Please refer to FIG. 1 . Specifically, when multiple density compensation patterns are distributed on both sides of each process detection pattern, the multiple density compensation patterns distributed on each side can be equidistantly distributed, so that the multiple density compensation patterns are equidistantly arranged along the length direction of the cutting road body 40. The equidistant arrangement can improve the density uniformity of the density compensation area 43, so that the internal pattern density of the cutting road pattern area 41 is more consistent, so that the deposited film thickness or etching depth of the pattern in the cutting road pattern area 41 is more consistent. The accuracy of the final measurement data is improved. For example, when the width of the cutting road body 40 is 100 μm, the spacing between two adjacent density compensation patterns can be set to T, and the value range of T can be set to 3 μm ≤ T ≤ 5 μm.

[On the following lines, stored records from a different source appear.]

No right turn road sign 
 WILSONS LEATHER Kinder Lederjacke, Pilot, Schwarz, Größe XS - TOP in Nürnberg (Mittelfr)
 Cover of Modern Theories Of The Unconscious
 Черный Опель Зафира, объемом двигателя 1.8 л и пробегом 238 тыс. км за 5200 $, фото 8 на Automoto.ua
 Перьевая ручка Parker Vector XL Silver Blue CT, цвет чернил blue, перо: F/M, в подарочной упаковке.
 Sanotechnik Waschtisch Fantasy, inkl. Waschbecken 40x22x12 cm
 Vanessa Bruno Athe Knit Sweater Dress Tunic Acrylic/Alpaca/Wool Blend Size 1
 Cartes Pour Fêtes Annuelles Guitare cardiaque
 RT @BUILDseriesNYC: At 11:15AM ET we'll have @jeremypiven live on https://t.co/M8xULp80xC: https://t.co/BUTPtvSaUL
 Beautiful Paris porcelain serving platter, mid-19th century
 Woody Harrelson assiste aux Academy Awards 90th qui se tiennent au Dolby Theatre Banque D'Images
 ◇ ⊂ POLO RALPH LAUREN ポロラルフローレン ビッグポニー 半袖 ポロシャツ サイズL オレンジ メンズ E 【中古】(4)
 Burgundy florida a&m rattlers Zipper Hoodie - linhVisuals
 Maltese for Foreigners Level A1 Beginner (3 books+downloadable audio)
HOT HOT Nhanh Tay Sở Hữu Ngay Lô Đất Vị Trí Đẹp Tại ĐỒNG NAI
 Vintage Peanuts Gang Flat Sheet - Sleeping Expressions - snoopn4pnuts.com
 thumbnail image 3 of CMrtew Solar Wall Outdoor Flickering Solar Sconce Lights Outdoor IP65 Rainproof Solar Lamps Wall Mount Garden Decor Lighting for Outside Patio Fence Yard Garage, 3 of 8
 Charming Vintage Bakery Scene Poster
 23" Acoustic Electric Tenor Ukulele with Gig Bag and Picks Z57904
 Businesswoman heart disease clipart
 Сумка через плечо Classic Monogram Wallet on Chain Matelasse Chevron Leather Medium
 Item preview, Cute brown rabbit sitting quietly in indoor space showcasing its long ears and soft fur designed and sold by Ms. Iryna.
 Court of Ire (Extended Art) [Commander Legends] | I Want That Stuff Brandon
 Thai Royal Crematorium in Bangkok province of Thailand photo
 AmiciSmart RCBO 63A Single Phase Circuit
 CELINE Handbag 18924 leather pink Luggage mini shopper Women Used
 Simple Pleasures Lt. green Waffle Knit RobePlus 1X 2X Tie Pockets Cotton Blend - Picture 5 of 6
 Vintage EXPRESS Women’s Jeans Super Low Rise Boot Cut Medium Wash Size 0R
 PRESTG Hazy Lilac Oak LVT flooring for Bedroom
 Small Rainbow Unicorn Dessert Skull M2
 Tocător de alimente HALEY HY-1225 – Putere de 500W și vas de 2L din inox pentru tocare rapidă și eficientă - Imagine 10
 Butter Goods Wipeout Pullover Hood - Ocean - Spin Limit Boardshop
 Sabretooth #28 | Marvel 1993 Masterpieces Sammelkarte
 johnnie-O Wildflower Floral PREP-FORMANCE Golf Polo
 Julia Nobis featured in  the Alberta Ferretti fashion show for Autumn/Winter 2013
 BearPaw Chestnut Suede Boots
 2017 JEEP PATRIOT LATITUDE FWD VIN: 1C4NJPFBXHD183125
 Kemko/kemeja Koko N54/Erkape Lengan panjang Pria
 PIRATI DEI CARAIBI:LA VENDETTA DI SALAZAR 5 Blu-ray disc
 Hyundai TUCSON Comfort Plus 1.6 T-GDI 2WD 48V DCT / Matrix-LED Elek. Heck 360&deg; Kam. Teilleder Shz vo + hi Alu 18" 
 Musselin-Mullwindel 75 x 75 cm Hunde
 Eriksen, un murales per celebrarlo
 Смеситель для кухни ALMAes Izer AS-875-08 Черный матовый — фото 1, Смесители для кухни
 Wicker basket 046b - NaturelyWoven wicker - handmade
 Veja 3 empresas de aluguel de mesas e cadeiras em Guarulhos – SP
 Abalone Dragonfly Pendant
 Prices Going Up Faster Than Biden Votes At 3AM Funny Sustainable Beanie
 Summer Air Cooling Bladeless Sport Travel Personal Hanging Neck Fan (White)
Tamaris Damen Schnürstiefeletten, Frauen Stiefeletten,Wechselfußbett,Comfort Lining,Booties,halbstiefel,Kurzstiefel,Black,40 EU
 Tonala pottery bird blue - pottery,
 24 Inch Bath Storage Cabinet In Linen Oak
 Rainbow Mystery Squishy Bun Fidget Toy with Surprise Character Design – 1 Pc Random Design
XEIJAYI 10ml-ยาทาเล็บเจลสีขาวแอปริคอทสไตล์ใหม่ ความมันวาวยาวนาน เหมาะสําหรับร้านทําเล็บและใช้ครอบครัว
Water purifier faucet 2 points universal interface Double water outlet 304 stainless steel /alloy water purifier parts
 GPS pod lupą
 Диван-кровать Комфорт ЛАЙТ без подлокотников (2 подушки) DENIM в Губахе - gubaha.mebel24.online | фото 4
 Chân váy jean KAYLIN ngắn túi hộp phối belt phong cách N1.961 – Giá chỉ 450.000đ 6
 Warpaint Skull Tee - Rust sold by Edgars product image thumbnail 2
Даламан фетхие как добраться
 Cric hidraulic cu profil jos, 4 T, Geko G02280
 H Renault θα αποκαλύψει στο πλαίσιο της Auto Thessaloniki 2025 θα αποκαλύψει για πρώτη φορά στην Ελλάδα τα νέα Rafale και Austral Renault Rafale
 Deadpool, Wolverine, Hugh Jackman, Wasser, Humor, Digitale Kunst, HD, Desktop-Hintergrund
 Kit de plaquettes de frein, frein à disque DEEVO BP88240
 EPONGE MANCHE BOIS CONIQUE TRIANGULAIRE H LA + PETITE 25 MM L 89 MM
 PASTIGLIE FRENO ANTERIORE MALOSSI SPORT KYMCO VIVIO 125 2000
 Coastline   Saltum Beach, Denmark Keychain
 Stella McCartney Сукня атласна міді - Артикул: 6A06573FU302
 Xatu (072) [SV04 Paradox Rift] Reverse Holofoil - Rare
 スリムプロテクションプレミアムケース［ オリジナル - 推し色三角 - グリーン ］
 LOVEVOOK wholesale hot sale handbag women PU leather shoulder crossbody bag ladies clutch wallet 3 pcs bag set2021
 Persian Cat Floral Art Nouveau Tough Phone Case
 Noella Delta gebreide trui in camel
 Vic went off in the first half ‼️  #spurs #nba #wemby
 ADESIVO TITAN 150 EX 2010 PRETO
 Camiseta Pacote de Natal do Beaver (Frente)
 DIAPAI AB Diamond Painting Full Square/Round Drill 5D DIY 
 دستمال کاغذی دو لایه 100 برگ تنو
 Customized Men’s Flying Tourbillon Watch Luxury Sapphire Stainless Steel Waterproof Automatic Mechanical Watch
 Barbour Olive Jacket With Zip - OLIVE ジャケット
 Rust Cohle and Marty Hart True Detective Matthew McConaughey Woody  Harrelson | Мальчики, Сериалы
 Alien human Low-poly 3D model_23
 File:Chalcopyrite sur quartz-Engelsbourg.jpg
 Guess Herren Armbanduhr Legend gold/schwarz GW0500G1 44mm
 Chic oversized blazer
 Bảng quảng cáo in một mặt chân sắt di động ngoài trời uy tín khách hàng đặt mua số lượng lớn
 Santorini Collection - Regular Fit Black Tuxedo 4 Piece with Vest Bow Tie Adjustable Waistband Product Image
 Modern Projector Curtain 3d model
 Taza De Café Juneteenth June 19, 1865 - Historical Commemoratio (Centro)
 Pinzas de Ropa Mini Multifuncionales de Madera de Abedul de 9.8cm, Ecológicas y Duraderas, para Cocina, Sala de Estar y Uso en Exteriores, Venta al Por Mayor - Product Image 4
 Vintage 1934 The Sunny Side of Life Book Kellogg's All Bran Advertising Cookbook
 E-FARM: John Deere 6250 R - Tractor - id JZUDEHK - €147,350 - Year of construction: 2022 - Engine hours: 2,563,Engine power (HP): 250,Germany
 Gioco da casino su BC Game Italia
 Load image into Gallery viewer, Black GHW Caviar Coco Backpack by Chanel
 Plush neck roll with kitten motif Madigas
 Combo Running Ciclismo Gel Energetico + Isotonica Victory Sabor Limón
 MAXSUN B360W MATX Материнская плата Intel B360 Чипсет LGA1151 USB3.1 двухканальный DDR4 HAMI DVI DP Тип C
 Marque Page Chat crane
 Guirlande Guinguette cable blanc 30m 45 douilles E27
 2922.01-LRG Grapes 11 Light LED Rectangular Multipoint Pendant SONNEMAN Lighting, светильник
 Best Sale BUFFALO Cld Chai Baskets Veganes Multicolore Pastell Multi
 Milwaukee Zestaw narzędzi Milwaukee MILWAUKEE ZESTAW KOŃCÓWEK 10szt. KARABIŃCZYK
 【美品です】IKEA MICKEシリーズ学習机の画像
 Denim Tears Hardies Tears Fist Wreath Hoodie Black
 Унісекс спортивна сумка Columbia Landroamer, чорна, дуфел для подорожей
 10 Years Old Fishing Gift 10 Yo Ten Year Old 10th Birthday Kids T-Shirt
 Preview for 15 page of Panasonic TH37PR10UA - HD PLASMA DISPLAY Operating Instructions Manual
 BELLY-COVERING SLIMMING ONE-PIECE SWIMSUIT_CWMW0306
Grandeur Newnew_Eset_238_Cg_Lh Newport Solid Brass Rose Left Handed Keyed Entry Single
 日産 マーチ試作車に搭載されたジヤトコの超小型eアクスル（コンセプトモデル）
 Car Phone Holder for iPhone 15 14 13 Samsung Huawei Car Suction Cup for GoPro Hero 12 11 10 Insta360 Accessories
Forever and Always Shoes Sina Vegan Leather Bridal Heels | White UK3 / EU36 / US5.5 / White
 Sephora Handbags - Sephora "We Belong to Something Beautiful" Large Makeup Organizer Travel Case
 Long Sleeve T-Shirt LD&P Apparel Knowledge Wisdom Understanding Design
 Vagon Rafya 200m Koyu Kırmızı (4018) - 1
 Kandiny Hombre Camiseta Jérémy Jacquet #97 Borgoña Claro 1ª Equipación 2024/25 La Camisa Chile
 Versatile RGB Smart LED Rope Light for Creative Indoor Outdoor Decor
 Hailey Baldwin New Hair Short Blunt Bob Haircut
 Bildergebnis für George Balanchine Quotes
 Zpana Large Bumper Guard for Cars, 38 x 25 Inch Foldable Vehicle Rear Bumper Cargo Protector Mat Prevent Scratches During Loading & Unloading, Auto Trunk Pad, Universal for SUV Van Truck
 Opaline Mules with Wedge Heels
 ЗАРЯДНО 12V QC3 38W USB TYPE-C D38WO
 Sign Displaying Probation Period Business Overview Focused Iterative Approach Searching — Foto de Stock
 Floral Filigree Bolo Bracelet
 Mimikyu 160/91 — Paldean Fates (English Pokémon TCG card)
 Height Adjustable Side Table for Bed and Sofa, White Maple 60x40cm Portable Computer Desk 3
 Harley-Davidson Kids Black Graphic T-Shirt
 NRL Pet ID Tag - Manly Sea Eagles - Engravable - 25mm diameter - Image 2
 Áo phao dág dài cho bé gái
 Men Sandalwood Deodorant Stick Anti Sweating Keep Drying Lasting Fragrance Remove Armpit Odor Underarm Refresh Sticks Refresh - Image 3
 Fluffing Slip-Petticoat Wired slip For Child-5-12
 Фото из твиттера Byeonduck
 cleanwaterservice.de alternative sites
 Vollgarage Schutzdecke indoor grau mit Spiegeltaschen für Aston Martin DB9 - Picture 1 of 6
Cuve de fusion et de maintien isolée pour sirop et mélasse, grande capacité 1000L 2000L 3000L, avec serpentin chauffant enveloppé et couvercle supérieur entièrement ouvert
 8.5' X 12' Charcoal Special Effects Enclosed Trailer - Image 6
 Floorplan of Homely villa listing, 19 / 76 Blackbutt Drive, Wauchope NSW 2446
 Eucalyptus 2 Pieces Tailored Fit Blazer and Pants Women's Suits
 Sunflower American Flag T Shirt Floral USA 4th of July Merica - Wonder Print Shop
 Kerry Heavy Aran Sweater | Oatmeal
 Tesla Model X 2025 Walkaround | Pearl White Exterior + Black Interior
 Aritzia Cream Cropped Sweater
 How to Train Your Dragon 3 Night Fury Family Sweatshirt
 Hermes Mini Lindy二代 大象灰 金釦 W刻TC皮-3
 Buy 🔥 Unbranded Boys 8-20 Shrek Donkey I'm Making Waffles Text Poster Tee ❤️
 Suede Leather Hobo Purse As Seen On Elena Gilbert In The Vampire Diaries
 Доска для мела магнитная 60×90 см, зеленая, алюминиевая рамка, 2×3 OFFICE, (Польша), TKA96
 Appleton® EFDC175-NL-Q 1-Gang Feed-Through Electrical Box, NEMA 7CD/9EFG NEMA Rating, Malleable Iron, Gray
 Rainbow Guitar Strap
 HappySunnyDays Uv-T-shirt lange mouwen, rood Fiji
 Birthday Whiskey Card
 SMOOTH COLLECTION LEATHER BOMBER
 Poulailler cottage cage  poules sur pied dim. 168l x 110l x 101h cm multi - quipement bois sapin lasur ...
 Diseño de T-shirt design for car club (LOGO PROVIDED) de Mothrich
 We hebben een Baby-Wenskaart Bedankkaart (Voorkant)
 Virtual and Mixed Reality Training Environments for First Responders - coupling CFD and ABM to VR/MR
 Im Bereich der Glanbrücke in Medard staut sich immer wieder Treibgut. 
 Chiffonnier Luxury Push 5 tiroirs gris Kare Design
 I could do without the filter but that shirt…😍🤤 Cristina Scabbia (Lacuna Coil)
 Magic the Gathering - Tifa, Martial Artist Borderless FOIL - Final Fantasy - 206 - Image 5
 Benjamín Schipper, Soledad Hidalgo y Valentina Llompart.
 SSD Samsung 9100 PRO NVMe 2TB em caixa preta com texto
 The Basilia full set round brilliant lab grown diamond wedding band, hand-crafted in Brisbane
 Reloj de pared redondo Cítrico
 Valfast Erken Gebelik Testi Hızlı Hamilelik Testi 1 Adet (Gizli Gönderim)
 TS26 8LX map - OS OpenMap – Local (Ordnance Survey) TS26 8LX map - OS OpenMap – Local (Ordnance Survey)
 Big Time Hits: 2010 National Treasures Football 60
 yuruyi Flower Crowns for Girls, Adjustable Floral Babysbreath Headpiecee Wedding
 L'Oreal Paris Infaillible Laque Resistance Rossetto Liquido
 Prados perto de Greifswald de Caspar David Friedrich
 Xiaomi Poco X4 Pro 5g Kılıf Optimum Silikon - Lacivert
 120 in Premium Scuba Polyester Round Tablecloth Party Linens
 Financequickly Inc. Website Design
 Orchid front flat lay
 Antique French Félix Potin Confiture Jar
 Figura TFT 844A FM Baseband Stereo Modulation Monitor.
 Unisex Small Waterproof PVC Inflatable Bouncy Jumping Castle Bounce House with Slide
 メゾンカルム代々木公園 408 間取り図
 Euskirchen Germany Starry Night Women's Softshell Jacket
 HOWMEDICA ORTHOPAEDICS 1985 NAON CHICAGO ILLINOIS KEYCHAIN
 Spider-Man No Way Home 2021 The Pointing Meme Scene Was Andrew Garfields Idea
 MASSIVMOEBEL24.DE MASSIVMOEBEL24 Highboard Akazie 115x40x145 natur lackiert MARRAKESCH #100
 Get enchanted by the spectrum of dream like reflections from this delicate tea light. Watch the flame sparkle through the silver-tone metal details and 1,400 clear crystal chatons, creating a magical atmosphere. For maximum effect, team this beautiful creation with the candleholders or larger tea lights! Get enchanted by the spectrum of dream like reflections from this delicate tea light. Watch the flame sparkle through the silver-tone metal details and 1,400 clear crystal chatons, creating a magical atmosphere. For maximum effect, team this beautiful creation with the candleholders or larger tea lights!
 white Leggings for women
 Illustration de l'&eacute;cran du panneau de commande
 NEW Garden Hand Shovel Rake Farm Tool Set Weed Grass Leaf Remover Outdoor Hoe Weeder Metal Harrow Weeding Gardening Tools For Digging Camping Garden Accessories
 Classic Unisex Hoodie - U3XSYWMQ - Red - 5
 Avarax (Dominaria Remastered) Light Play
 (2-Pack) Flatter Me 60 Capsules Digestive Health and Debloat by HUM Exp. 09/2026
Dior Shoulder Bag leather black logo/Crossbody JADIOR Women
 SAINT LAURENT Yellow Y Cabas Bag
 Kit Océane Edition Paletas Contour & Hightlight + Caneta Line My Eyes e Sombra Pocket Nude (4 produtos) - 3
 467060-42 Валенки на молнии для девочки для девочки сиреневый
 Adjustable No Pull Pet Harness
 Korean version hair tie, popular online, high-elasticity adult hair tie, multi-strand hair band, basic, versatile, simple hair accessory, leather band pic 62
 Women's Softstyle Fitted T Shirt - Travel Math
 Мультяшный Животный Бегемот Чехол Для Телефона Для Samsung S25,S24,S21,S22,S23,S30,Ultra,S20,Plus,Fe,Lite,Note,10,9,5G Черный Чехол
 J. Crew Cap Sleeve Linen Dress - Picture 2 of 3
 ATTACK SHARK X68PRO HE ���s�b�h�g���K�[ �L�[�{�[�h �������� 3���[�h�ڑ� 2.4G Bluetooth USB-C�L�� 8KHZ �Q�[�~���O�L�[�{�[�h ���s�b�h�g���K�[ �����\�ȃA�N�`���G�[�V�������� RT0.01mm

Of course, the spacing D between each two density compensation patterns can also be set to other values, which can be adaptively designed based on the width of the cutting road body 40. It should be noted that when the spacing T between the density compensation patterns is set to a range of 3μm≤T≤5μm, and the spacing D between the process detection patterns is set to a range of 3μm≤D≤5μm, the density distribution difference between the density compensation image and the process detection pattern is small, which can improve the consistency of the internal pattern density of the cutting path pattern area 41, so that the deposited film thickness or etching depth of the pattern in the cutting path pattern area 41 is more consistent, thereby improving the accuracy of the final measurement data.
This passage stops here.